Is that a dirty picture you got there? Pompeii, the Birth of Pornography, and the Censorship of the Museum

Posted: December 20, 2010 in Uncategorized

Recently the disrepair of the Ancient city of Pompeii has come into international notice due to a number of collapsing and crumbling structures which make up the magnificent site.  Along with the richness of historical and social insight gained from this city, and the empire which fostered and encouraged it, the western fascination with the city of Pompeii was important to the modern world in another way which is not often recounted in the familiar narrative of this astonishing find.  The organization of the artifacts which were extracted from the site of Pompeii lead to the necessity of a new development and radical realignment of structure in the modern taxonomy of visual culture.  The conceptual discipline of the artist, and the ideas of social circulations and consumption of the produced artistic object (which were part of the artifacts unearthed by the dig), faced a crisis created by the excavations original findings.

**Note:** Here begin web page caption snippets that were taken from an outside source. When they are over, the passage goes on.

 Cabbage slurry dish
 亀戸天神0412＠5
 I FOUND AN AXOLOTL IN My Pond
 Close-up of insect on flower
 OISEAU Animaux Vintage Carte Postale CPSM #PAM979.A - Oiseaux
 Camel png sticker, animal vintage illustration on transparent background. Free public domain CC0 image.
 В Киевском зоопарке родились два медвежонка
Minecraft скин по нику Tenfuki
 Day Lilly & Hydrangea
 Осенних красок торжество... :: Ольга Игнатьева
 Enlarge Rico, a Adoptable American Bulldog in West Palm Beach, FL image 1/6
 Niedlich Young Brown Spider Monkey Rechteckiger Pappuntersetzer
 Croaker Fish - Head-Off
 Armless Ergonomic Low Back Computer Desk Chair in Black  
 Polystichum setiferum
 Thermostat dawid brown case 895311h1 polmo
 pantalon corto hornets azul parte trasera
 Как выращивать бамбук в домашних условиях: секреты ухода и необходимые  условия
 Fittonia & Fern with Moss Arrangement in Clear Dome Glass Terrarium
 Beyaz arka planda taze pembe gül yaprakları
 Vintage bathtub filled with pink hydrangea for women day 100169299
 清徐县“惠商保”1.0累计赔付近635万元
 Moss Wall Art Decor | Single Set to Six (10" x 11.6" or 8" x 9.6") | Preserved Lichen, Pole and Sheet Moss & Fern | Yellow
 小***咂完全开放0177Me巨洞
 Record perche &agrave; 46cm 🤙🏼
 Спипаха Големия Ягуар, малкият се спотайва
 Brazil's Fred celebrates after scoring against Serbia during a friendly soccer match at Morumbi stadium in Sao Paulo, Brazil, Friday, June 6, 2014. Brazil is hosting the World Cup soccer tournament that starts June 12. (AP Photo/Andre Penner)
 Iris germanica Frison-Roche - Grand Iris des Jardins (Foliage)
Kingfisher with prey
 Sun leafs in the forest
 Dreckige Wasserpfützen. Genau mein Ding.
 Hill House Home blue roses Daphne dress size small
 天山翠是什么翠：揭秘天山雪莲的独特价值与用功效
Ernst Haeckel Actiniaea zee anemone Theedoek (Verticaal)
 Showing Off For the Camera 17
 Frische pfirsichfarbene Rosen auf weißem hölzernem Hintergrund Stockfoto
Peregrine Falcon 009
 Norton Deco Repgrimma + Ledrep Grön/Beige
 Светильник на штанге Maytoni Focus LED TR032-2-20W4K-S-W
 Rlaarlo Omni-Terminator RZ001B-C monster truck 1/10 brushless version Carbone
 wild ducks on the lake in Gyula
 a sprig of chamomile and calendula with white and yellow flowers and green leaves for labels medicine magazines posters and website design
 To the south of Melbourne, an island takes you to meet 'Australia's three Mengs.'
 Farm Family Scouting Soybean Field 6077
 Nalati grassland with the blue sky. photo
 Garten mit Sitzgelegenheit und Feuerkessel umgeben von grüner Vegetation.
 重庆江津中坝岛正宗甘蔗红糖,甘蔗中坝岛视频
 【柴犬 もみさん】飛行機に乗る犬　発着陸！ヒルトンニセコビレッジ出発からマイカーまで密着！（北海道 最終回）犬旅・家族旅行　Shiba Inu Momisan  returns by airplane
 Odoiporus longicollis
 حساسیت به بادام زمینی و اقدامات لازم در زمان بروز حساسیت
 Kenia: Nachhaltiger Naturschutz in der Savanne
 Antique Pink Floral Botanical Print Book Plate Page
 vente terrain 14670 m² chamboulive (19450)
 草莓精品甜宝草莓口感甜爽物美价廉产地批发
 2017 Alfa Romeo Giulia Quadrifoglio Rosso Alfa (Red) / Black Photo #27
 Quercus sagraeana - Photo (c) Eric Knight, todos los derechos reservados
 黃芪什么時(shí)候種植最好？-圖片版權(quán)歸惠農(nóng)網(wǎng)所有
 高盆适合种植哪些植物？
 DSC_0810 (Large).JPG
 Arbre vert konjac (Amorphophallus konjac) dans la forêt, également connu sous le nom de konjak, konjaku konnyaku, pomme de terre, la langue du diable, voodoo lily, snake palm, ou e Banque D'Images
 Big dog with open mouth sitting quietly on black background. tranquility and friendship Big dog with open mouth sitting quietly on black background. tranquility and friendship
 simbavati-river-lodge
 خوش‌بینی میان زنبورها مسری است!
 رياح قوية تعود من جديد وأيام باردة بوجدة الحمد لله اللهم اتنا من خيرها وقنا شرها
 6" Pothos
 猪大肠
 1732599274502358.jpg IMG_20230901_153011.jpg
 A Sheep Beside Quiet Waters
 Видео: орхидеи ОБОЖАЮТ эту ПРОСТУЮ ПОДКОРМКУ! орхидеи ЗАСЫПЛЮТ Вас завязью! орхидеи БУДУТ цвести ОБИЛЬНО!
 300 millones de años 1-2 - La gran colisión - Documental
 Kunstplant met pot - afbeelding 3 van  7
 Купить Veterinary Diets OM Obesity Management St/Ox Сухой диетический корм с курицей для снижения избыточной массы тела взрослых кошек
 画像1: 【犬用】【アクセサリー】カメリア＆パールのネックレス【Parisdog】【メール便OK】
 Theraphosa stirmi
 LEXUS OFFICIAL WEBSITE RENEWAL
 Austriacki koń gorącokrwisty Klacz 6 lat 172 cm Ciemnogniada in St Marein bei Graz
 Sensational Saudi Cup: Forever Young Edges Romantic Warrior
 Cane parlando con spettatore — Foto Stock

The vast number of these artistic objects, their placement throughout the entire spectrum of Pompeii’s social sites (both public and private), and the open, divergent representation of sexual behaviors and organs, forced a radical and necessary reevaluation of the foundation of the archive for the artistic objects and a new position to be taken in the museum and catalog culture which the art piece was to be displayed in.

Pompeii reconstruction

As the world confronted the art and culture of the Ancient Roman world through the exquisitely preserved city of Pompeii, the individuals who pulled the rich treasures from the hiding earth noted that the objects, in quite a thorough way, did not conform to the ideas (and, more obviously, the sensibilities) they had been educated to believe that they would find in Ancient Roman History – Muscular and Dignified Art from a Strong and Noble Past.  Due to the licentious nature of the vast majority of the art objects which were being recovered a new category would be needed in the taxonomy of visual art which would highlight its questionable nature and encapsulate it in an archive and museum of the unseeable.  This new Taxonomy came to the visual in the guise and terminology of that most elusive of categories, the Pornographic. This new taxonomy of the visual, where a rift is cleaved between the dual and decisive categories of “art” and “pornography”, would be bred from the first commencement of Pompeii’s discovery to the long museological evaluations carried out in the newly created Secret Museum of Naples.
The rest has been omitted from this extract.